Wyjaśnił, że studenci starali się odciążyć operatora od najbardziej żmudnej części jego pracy, czyli dojazdu robotem do celu. "W niektóre miejsca nie można podejść bardzo blisko, więc operator musiał dojechać robotem czasem kilkadziesiąt czy kilkaset metrów" - zaznaczył rozmówca PAP.
Zadaniem systemu opracowanego przez studentów było przeprowadzenie robota bez pomocy operatora do miejsca, w którym miał on dokonać jakiejś inspekcji. Dlatego wyposażyli go w zestaw czujników. Robot - jak opisuje Stefańczyk - zyskał więc "oczy", czyli dwa rodzaje kamer: tradycyjną - dla użytku operatora oraz taką, która pomagała określić odległość do celu. Dodane przez studentów "uszy" - czyli ustawione w różnych kierunkach czujniki ultradźwiękowe - umożliwiają wykrywanie i omijanie przeszkód.
"Kolejny był zmysł równowagi, czyli czujnik przechyłowy, którzy mierzy przechylenie robota we wszystkich płaszczyznach i służy do wykrywania niebezpiecznych przechyłów w czasie jazdy" - opisał rozmówca PAP. Ta grupa czujników przyda się w sytuacji, gdy robot będzie zjeżdżał z jakiejś skarpy czy krawężnika. "Wtedy zatrzyma się i do operatora będzie należała decyzja, co zrobić dalej. Robot może wtedy kontynuować samodzielną jazdę, albo pod kontrolą operatora podjechać do bezpiecznego terenu" - wyjaśnił Maciej Stefańczyk.
Orientacja i ułożenie robota odczytywane będą z kolei za pomocą odbiornika GPS i kompasu, który wykryje kierunek, w którym robot się porusza. Zmysł dotyku, zapewnią zaś robotowi czujniki przypominające małe wąsy, które do pewnego momentu będą poddawały się naciskowi. "W momencie, kiedy nacisk będzie zbyt duży czujniki zareagują i robot się zatrzyma. Gdy będzie przejeżdżał przez np. wyższą trawę i nacisk nie będzie zbyt silny to robot pojedzie dalej" - powiedział rozmówca PAP.
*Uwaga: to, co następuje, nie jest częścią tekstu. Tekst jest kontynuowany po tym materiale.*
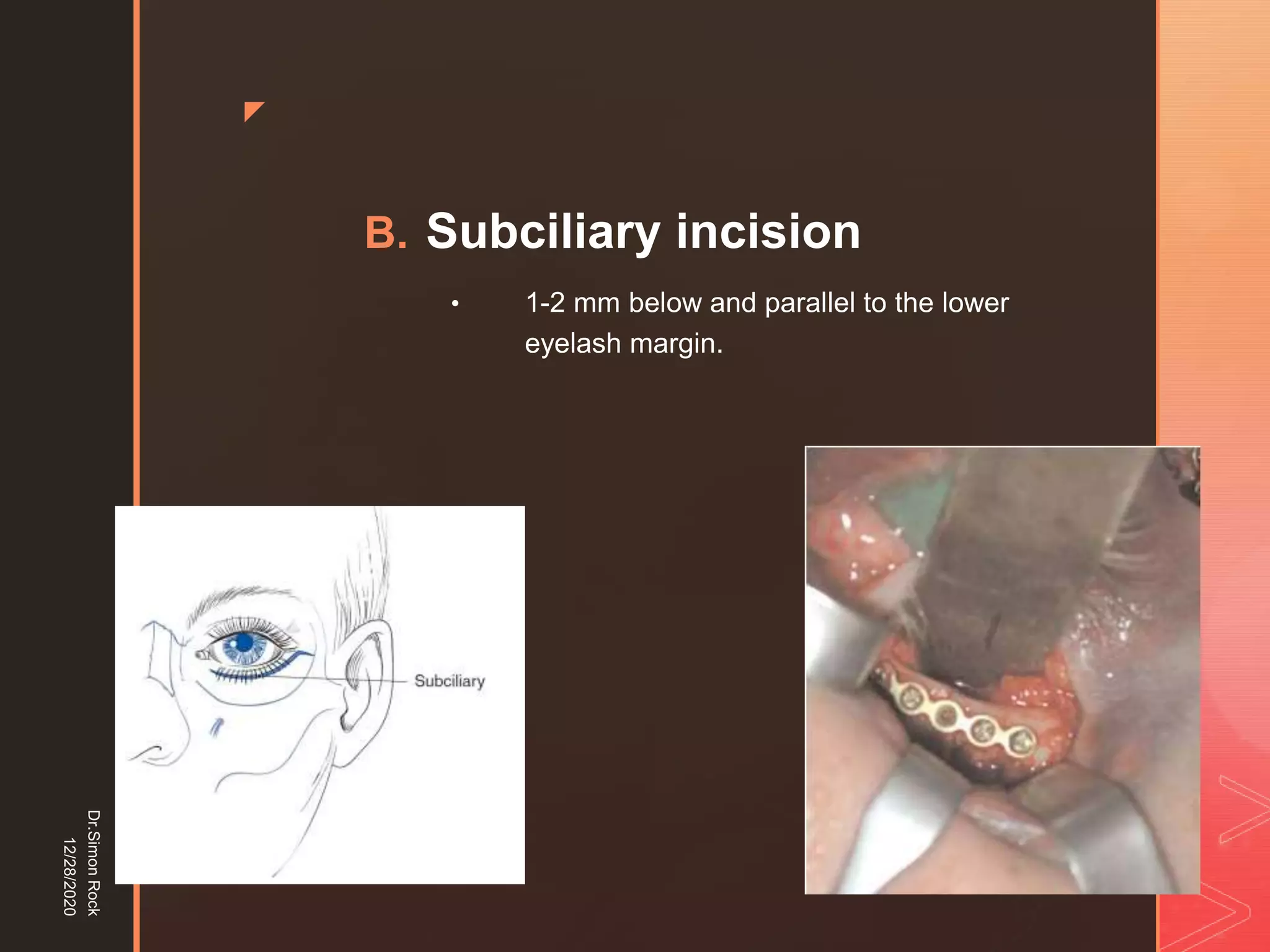 5. zygomatic fracture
Systemy elektroniczne i opracowane przez studentów algorytmy spowodują, że robot mógłby prowadzić inspekcję terenów bez ingerencji operatora. "Można go wpuścić do jakiegoś budynku albo miejsca gdzie nie ma bezpośredniego dostępu dla ludzi. Przy użyciu swoich wszystkich czujników może przygotować nawet mapę terenu" - wyjaśnił Stefańczyk. Robot może być wysyłany w miejsca skażone i bardzo niebezpieczne, gdzie życie człowieka byłoby zbytnio zagrożone. Dzięki zamontowanym kamerom, na monitorze można zobaczyć m.in. jak wygląda sytuacja w zagrożonych pomieszczeniach, gdzie znajdują się niebezpieczne przedmioty oraz poszkodowane osoby.
Automatyczne sterowanie dla zwiadowczego robota mobilnego opracowali studenci Automatyki i Robotyki w Instytucie Automatyki i Informatyki Stosowanej Politechniki Warszawskiej. Projekt zrealizowano we współpracy z Przemysłowym Instytutem Automatyki i Pomiarów.